§ INFORMATION SHOWN
──────────────────────────────

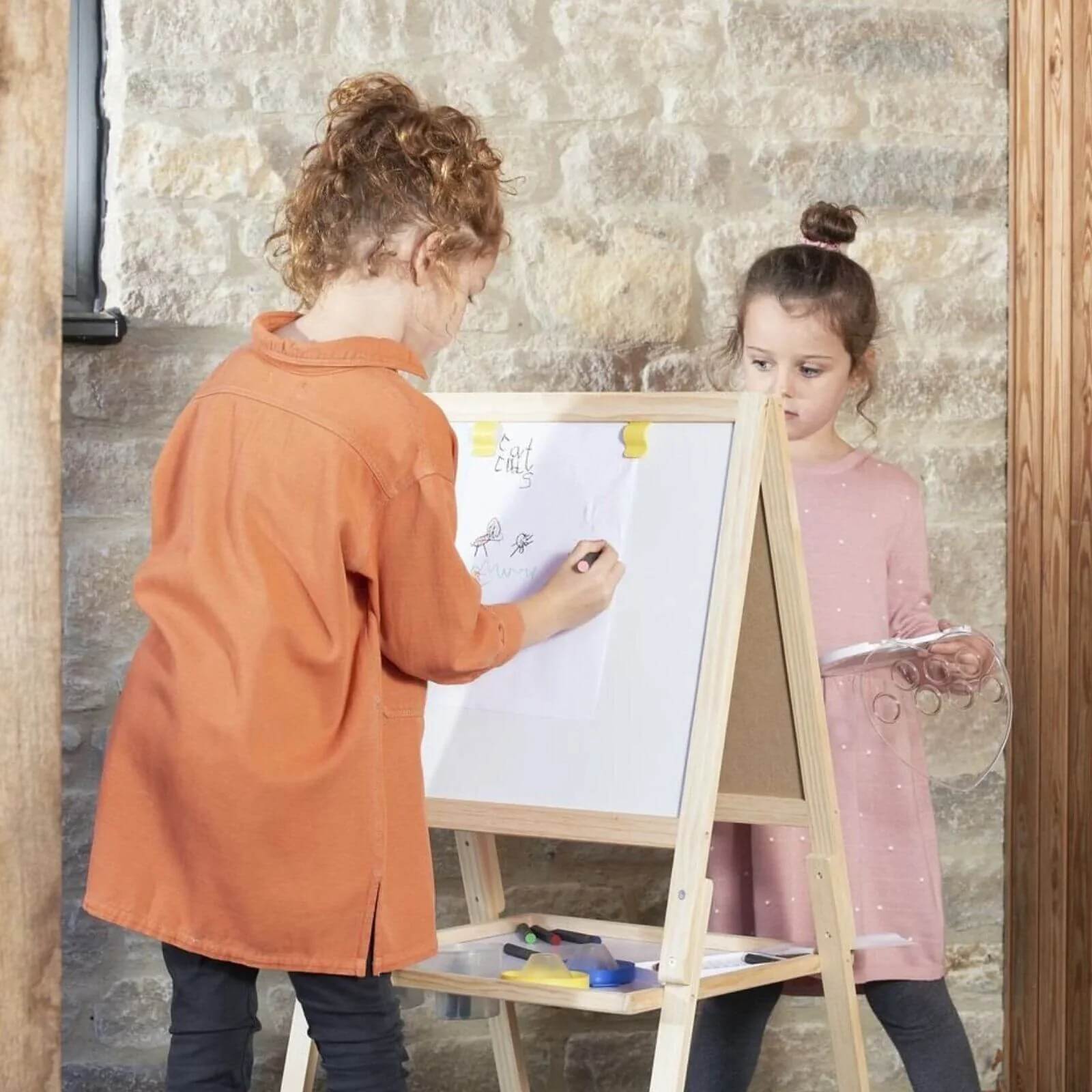 Wooden Easel - Image 2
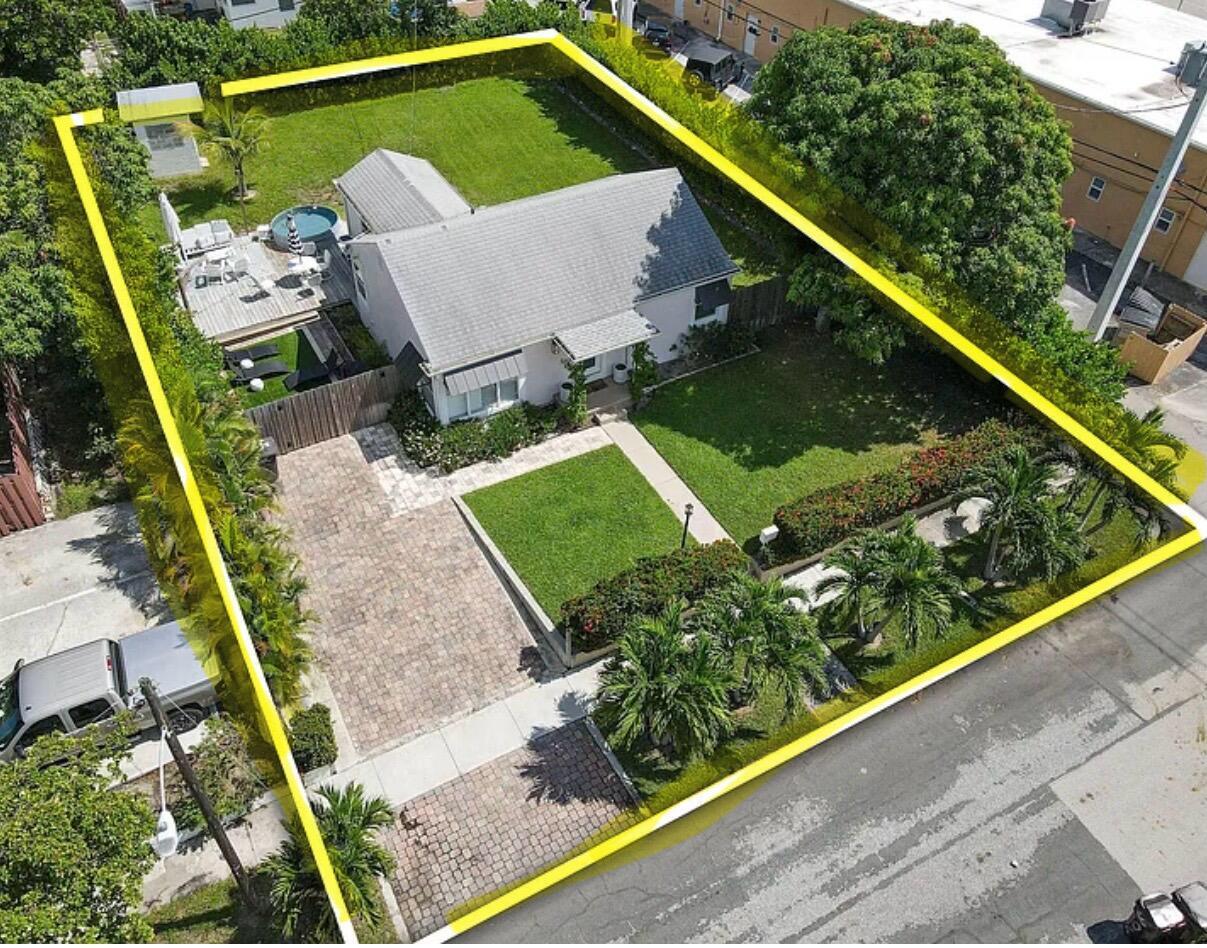 Homes for sale in West Palm Beach, FL | 411 Franklin Road, West Palm Beach, FL 33405 | MLS# R11052348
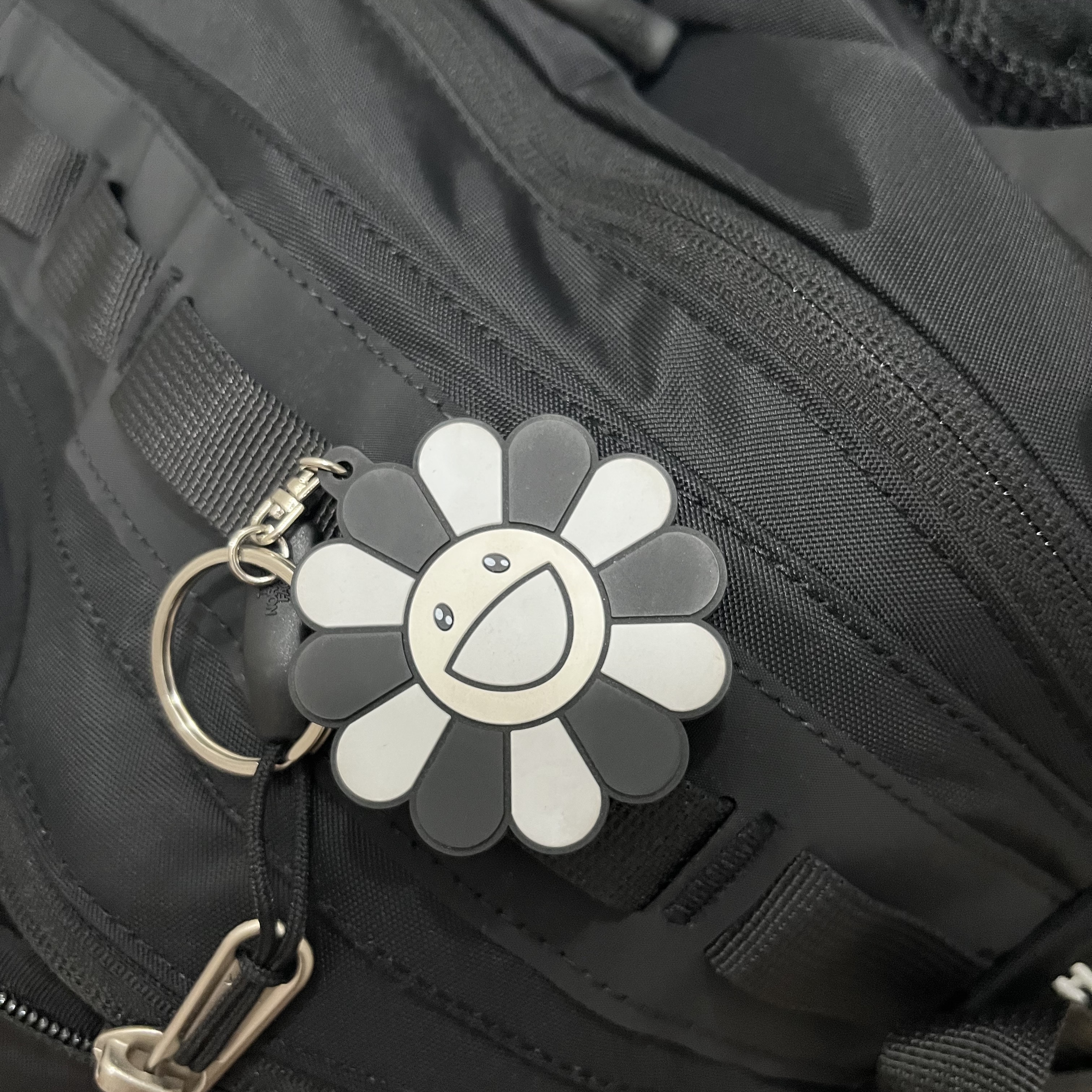 Kaikai Kiki Flower Rubber Keyring Gray Black 착용 스타일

──────────────────────────────

Wherever a picture appears in the material above, skip it and copy the rest without change.

 Wooden Easel - Image 2
 Homes for sale in West Palm Beach, FL | 411 Franklin Road, West Palm Beach, FL 33405 | MLS# R11052348
 Kaikai Kiki Flower Rubber Keyring Gray Black 착용 스타일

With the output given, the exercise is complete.